It should also be noted that AddVideoData() can optionally substitute references to the video ID in the “nodes” and “edges” dataframes with the video publishers channel ID (this is done by setting the parameter actorSubOnly to TRUE.

Activity Network

In the YouTube activity network, nodes are either comments or videos (videos represent a starting comment).

activityNetwork <- youtubeData %>% Create("activity") %>% AddText(youtubeData)
activityGraph <- activityNetwork %>% Graph(writeToFile = TRUE)

Create("activity") returns a named list containing two dataframes named “nodes” and “edges” (the following has been modified to preserve anonymity):

> activityNetwork
$edges
# A tibble: 603 x 3
   from                       to                  edge_type
   <chr>                      <chr>               <chr>    
 1 xxxxxxxxxxxxxxxxxxxxxxxxxx VIDEOID:pJ_NyEYRkLQ comment  
 2 xxxxxxxxxxxxxxxxxxxxxxxxxx VIDEOID:pJ_NyEYRkLQ comment  
[snip]
# … with 593 more rows

$nodes
# A tibble: 604 x 8
   id    video_id published_at updated_at author_id screen_name node_type
   <chr> <chr>    <chr>        <chr>      <chr>     <chr>       <chr>    
 1 xxxx… pJ_NyEY… 2020-01-10T… 2020-01-1… xxxxxxxx… xxxxxxxxxx… comment  
 2 xxxx… pJ_NyEY… 2020-01-09T… 2020-01-0… xxxxxxxx… xxxxxxxxxx… comment  
[snip]
# … with 594 more rows, and 1 more variable: vosonTxt_comment <chr>

attr(,"class")
[1] "list"       "network"    "activity"   "youtube"    "voson_text"

IGRAPH 02664d1 DN-- 604 603 -- 
+ attr: type (g/c), name (v/c), video_id (v/c), published_at (v/c),
| updated_at (v/c), author_id (v/c), screen_name (v/c), node_type
| (v/c), vosonTxt_comment (v/c), label (v/c), edge_type (e/c)
+ edges from 02664d1 (vertex names):
[1] xxxx->VIDEOID:pJ_NyEYRkLQ
[2] xxxx->VIDEOID:pJ_NyEYRkLQ
[3] xxxx->VIDEOID:pJ_NyEYRkLQ
[4] xxxx->VIDEOID:pJ_NyEYRkLQ
[5] xxxx->VIDEOID:pJ_NyEYRkLQ
[6] xxxx->VIDEOID:pJ_NyEYRkLQ
+ ... omitted several edges

The YouTube activity network contains a graph attribute type (set to “youtube”).
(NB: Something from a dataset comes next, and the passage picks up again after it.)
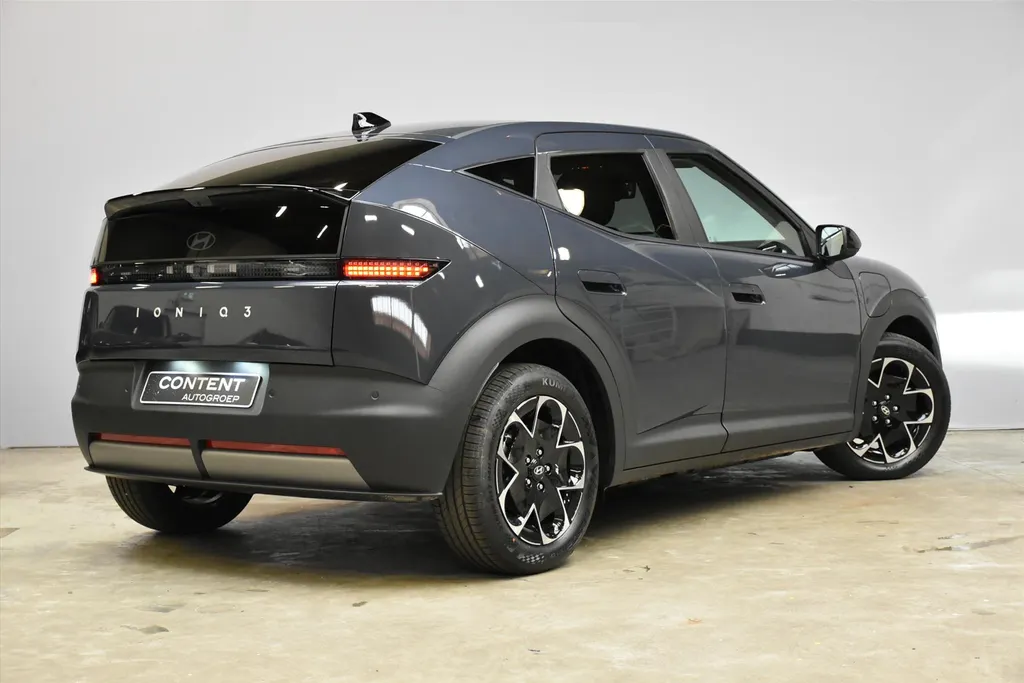 Hyundai IONIQ 3 42 kWh 147pk Vision I 750,= introductie voordeel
The node attributes are: name (character string ID number for the comment or video), video_id (character string ID of the video for which the comments collected - in this example, “pJ_NyEYRkLQ”), published_at (timestamp of when the comment was published, this is NA for the video itself), updated_at (timestamp of when a comment was updated), author_id (user’s Channel ID), screen_name (user’s display name), node_type (whether the node is a ‘comment’ i.e. top-level comment, ‘reply-comment’ i.e. reply to top-level comment or reply to reply or ‘video’), vosonText_comment (the comment text, NA for the video), label (concatenation of name and screen_name). The edge attributes edge_type which is ‘comment’ for all edges connecting a top-level comment to the video, and ‘reply-comment’ for all other edges.

The example YouTube activity network contains 604 nodes and 603 edges. The following is an igrahp visualisation of the network, where the video is indicated by a red node, and blue indicates comments that include one of the following terms: “arson”, “bakcburn”, “climate change”.
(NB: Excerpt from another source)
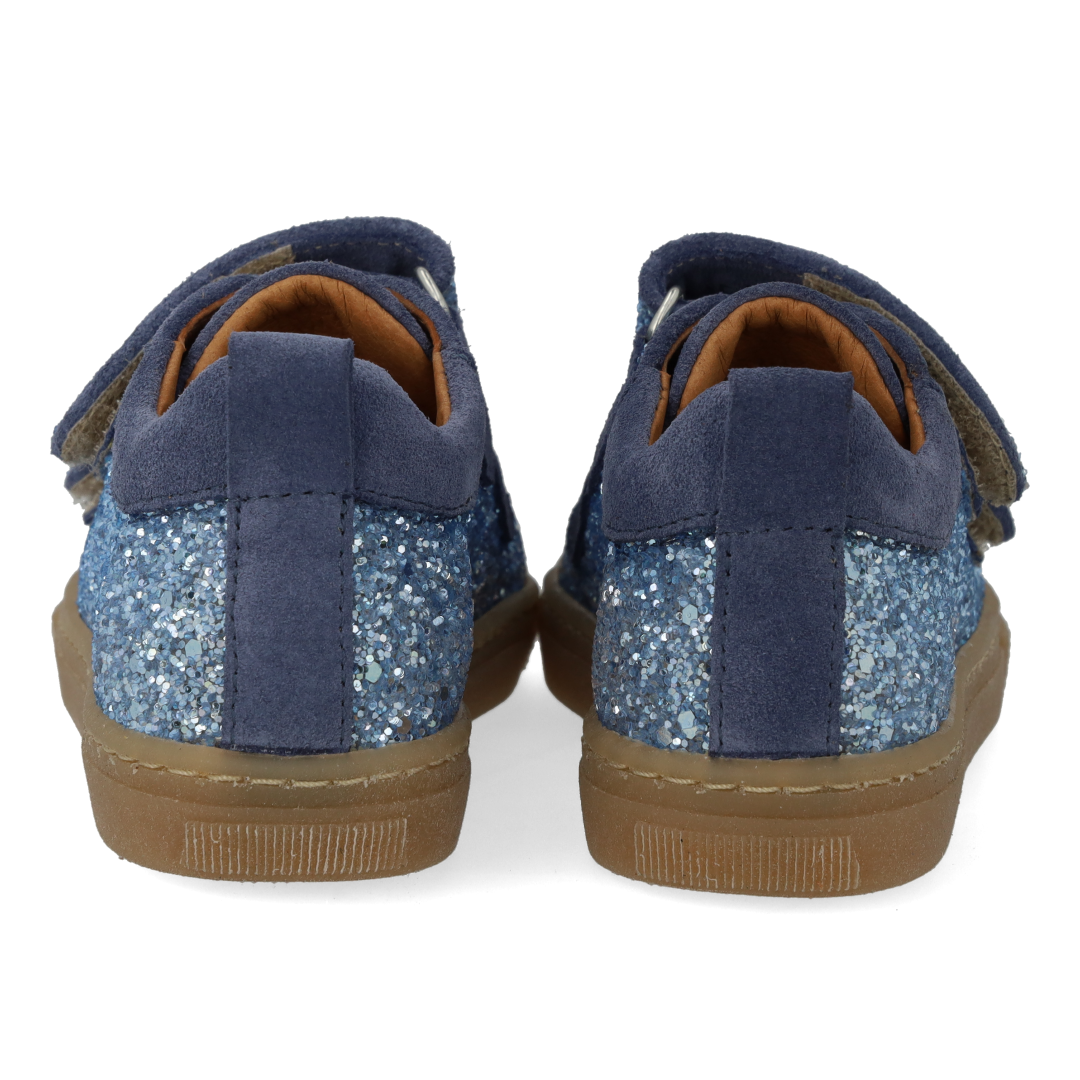 Funklende glitter-sneaker med ruskindskanter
V(activityGraph)$color <- "grey"
V(activityGraph)$color[which(V(activityGraph)$node_type=="video")] <- "red"
ind <- grep("arson|backburn|climate change",tolower(V(activityGraph)$vosonTxt_comment))
V(activityGraph)$color[ind] <- "blue"
png("youtube_activity.png", width=600, height=600)
plot(activityGraph, vertex.label="", vertex.size=4, edge.arrow.size=0.5)
dev.off()

YouTube activity network (red node is video, blue nodes are comments mentioning particular terms)
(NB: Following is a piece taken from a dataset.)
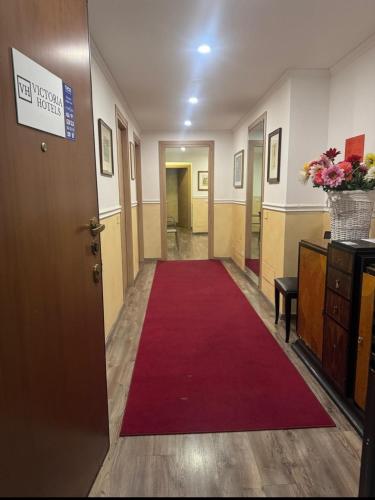 a hallway with a red carpet and a door at Victoria Royal Garden in Como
The Reddit collection in vosonSML is based on the approach in RedditExtractoR.

Authenticating with the Reddit API

The vosonSML does not require Reddit API credentials to be provided. However, to keep the workflow consistent with the other data sources, we still need to create a “dummy” access token, using the Authenticate() function (see below).

Collecting Data from Reddit

To collect Reddit comment data, first construct a character vector containing the post URL(s).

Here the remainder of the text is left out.